→ DATA PROVIDED:

+++

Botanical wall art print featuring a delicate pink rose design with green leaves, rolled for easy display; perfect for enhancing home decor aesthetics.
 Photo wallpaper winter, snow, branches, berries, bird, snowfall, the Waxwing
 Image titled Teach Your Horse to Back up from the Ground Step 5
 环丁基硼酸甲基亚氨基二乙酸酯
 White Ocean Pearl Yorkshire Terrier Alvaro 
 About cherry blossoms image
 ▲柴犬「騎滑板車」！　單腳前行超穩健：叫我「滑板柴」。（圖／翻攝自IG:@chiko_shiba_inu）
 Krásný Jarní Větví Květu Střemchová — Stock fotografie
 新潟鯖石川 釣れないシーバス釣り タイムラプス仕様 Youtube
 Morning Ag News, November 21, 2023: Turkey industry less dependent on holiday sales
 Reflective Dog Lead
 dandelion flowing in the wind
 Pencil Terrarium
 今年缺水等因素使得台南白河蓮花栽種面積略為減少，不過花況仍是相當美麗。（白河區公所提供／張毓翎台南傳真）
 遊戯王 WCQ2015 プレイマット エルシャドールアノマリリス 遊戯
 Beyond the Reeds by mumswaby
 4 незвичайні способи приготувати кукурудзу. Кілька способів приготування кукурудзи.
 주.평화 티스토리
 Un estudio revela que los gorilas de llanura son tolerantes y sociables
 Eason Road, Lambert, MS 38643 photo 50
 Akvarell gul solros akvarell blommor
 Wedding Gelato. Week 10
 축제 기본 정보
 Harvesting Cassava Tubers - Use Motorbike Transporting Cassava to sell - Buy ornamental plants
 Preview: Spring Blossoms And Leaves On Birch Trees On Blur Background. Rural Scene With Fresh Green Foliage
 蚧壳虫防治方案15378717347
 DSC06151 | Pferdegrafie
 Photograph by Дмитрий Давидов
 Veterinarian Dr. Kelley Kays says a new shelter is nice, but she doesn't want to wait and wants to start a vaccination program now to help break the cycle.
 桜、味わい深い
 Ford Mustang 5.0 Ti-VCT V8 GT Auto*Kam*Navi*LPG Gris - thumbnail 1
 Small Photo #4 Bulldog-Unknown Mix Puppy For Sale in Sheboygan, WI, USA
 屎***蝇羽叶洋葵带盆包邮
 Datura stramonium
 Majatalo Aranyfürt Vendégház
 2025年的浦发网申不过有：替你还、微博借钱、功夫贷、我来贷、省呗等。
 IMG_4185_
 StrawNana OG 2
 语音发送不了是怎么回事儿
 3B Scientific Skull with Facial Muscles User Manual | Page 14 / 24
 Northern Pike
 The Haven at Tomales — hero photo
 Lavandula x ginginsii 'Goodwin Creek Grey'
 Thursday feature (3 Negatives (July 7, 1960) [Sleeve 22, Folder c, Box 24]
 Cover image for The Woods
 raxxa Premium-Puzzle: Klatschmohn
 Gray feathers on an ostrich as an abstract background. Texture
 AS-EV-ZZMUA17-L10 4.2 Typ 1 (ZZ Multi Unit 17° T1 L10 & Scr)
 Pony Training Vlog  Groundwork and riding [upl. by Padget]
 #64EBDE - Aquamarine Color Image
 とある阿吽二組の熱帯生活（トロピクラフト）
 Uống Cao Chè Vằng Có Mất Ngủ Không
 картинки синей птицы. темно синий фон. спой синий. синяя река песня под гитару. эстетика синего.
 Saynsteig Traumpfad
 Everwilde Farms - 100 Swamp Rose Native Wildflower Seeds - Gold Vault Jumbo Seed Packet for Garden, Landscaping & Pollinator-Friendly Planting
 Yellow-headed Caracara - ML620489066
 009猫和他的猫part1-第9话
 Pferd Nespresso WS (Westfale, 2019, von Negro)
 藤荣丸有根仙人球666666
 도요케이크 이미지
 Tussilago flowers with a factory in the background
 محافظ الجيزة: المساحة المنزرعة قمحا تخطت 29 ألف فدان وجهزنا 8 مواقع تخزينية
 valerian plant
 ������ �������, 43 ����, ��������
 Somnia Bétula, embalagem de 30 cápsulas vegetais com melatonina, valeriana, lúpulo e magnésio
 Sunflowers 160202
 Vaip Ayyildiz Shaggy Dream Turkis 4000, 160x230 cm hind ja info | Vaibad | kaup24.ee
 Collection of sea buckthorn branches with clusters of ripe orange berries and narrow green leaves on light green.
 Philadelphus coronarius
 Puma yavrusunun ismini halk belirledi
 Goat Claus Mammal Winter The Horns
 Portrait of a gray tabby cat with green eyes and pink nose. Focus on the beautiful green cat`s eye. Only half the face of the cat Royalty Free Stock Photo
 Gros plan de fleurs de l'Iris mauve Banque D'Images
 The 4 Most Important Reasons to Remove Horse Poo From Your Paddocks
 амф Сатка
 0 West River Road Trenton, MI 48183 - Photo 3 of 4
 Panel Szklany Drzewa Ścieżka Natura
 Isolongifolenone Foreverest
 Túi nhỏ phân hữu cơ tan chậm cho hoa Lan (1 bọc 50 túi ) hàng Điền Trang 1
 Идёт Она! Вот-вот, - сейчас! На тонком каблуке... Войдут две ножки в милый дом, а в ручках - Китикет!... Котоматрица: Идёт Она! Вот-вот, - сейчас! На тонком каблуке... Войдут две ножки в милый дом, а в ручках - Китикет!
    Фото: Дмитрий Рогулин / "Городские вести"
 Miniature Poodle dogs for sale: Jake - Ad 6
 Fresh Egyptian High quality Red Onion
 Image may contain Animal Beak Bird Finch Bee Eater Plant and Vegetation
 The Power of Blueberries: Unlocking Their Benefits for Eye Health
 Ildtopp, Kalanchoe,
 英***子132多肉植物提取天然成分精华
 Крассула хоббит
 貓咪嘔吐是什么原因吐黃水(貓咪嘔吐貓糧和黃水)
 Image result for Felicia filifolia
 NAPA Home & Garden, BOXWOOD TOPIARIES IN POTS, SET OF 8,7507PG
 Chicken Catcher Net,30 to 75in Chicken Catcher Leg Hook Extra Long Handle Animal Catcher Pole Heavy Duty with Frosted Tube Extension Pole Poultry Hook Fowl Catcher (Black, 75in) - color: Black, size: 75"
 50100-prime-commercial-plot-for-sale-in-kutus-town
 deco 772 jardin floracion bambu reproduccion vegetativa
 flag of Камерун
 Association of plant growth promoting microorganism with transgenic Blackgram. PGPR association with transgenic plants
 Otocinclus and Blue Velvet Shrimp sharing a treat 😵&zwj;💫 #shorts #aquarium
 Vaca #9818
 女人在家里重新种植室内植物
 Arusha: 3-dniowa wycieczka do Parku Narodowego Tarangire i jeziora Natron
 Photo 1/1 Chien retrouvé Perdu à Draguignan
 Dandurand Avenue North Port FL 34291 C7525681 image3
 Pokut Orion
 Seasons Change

+++

The entries above must be returned exactly.

→ WRITTEN ANSWER:
Botanical wall art print featuring a delicate pink rose design with green leaves, rolled for easy display; perfect for enhancing home decor aesthetics.
 Photo wallpaper winter, snow, branches, berries, bird, snowfall, the Waxwing
 Image titled Teach Your Horse to Back up from the Ground Step 5
 环丁基硼酸甲基亚氨基二乙酸酯
 White Ocean Pearl Yorkshire Terrier Alvaro 
 About cherry blossoms image
 ▲柴犬「騎滑板車」！　單腳前行超穩健：叫我「滑板柴」。（圖／翻攝自IG:@chiko_shiba_inu）
 Krásný Jarní Větví Květu Střemchová — Stock fotografie
 新潟鯖石川 釣れないシーバス釣り タイムラプス仕様 Youtube
 Morning Ag News, November 21, 2023: Turkey industry less dependent on holiday sales
 Reflective Dog Lead
 dandelion flowing in the wind
 Pencil Terrarium
 今年缺水等因素使得台南白河蓮花栽種面積略為減少，不過花況仍是相當美麗。（白河區公所提供／張毓翎台南傳真）
 遊戯王 WCQ2015 プレイマット エルシャドールアノマリリス 遊戯
 Beyond the Reeds by mumswaby
 4 незвичайні способи приготувати кукурудзу. Кілька способів приготування кукурудзи.
 주.평화 티스토리
 Un estudio revela que los gorilas de llanura son tolerantes y sociables
 Eason Road, Lambert, MS 38643 photo 50
 Akvarell gul solros akvarell blommor
 Wedding Gelato. Week 10
 축제 기본 정보
 Harvesting Cassava Tubers - Use Motorbike Transporting Cassava to sell - Buy ornamental plants
 Preview: Spring Blossoms And Leaves On Birch Trees On Blur Background. Rural Scene With Fresh Green Foliage
 蚧壳虫防治方案15378717347
 DSC06151 | Pferdegrafie
 Photograph by Дмитрий Давидов
 Veterinarian Dr. Kelley Kays says a new shelter is nice, but she doesn't want to wait and wants to start a vaccination program now to help break the cycle.
 桜、味わい深い
 Ford Mustang 5.0 Ti-VCT V8 GT Auto*Kam*Navi*LPG Gris - thumbnail 1
 Small Photo #4 Bulldog-Unknown Mix Puppy For Sale in Sheboygan, WI, USA
 屎***蝇羽叶洋葵带盆包邮
 Datura stramonium
 Majatalo Aranyfürt Vendégház
 2025年的浦发网申不过有：替你还、微博借钱、功夫贷、我来贷、省呗等。
 IMG_4185_
 StrawNana OG 2
 语音发送不了是怎么回事儿
 3B Scientific Skull with Facial Muscles User Manual | Page 14 / 24
 Northern Pike
 The Haven at Tomales — hero photo
 Lavandula x ginginsii 'Goodwin Creek Grey'
 Thursday feature (3 Negatives (July 7, 1960) [Sleeve 22, Folder c, Box 24]
 Cover image for The Woods
 raxxa Premium-Puzzle: Klatschmohn
 Gray feathers on an ostrich as an abstract background. Texture
 AS-EV-ZZMUA17-L10 4.2 Typ 1 (ZZ Multi Unit 17° T1 L10 & Scr)
 Pony Training Vlog  Groundwork and riding [upl. by Padget]
 #64EBDE - Aquamarine Color Image
 とある阿吽二組の熱帯生活（トロピクラフト）
 Uống Cao Chè Vằng Có Mất Ngủ Không
 картинки синей птицы. темно синий фон. спой синий. синяя река песня под гитару. эстетика синего.
 Saynsteig Traumpfad
 Everwilde Farms - 100 Swamp Rose Native Wildflower Seeds - Gold Vault Jumbo Seed Packet for Garden, Landscaping & Pollinator-Friendly Planting
 Yellow-headed Caracara - ML620489066
 009猫和他的猫part1-第9话
 Pferd Nespresso WS (Westfale, 2019, von Negro)
 藤荣丸有根仙人球666666
 도요케이크 이미지
 Tussilago flowers with a factory in the background
 محافظ الجيزة: المساحة المنزرعة قمحا تخطت 29 ألف فدان وجهزنا 8 مواقع تخزينية
 valerian plant
 ������ �������, 43 ����, ��������
 Somnia Bétula, embalagem de 30 cápsulas vegetais com melatonina, valeriana, lúpulo e magnésio
 Sunflowers 160202
 Vaip Ayyildiz Shaggy Dream Turkis 4000, 160x230 cm hind ja info | Vaibad | kaup24.ee
 Collection of sea buckthorn branches with clusters of ripe orange berries and narrow green leaves on light green.
 Philadelphus coronarius
 Puma yavrusunun ismini halk belirledi
 Goat Claus Mammal Winter The Horns
 Portrait of a gray tabby cat with green eyes and pink nose. Focus on the beautiful green cat`s eye. Only half the face of the cat Royalty Free Stock Photo
 Gros plan de fleurs de l'Iris mauve Banque D'Images
 The 4 Most Important Reasons to Remove Horse Poo From Your Paddocks
 амф Сатка
 0 West River Road Trenton, MI 48183 - Photo 3 of 4
 Panel Szklany Drzewa Ścieżka Natura
 Isolongifolenone Foreverest
 Túi nhỏ phân hữu cơ tan chậm cho hoa Lan (1 bọc 50 túi ) hàng Điền Trang 1
 Идёт Она! Вот-вот, - сейчас! На тонком каблуке... Войдут две ножки в милый дом, а в ручках - Китикет!... Котоматрица: Идёт Она! Вот-вот, - сейчас! На тонком каблуке... Войдут две ножки в милый дом, а в ручках - Китикет!
    Фото: Дмитрий Рогулин / "Городские вести"
 Miniature Poodle dogs for sale: Jake - Ad 6
 Fresh Egyptian High quality Red Onion
 Image may contain Animal Beak Bird Finch Bee Eater Plant and Vegetation
 The Power of Blueberries: Unlocking Their Benefits for Eye Health
 Ildtopp, Kalanchoe,
 英***子132多肉植物提取天然成分精华
 Крассула хоббит
 貓咪嘔吐是什么原因吐黃水(貓咪嘔吐貓糧和黃水)
 Image result for Felicia filifolia
 NAPA Home & Garden, BOXWOOD TOPIARIES IN POTS, SET OF 8,7507PG
 Chicken Catcher Net,30 to 75in Chicken Catcher Leg Hook Extra Long Handle Animal Catcher Pole Heavy Duty with Frosted Tube Extension Pole Poultry Hook Fowl Catcher (Black, 75in) - color: Black, size: 75"
 50100-prime-commercial-plot-for-sale-in-kutus-town
 deco 772 jardin floracion bambu reproduccion vegetativa
 flag of Камерун
 Association of plant growth promoting microorganism with transgenic Blackgram. PGPR association with transgenic plants
 Otocinclus and Blue Velvet Shrimp sharing a treat 😵&zwj;💫 #shorts #aquarium
 Vaca #9818
 女人在家里重新种植室内植物
 Arusha: 3-dniowa wycieczka do Parku Narodowego Tarangire i jeziora Natron
 Photo 1/1 Chien retrouvé Perdu à Draguignan
 Dandurand Avenue North Port FL 34291 C7525681 image3
 Pokut Orion
 Seasons Change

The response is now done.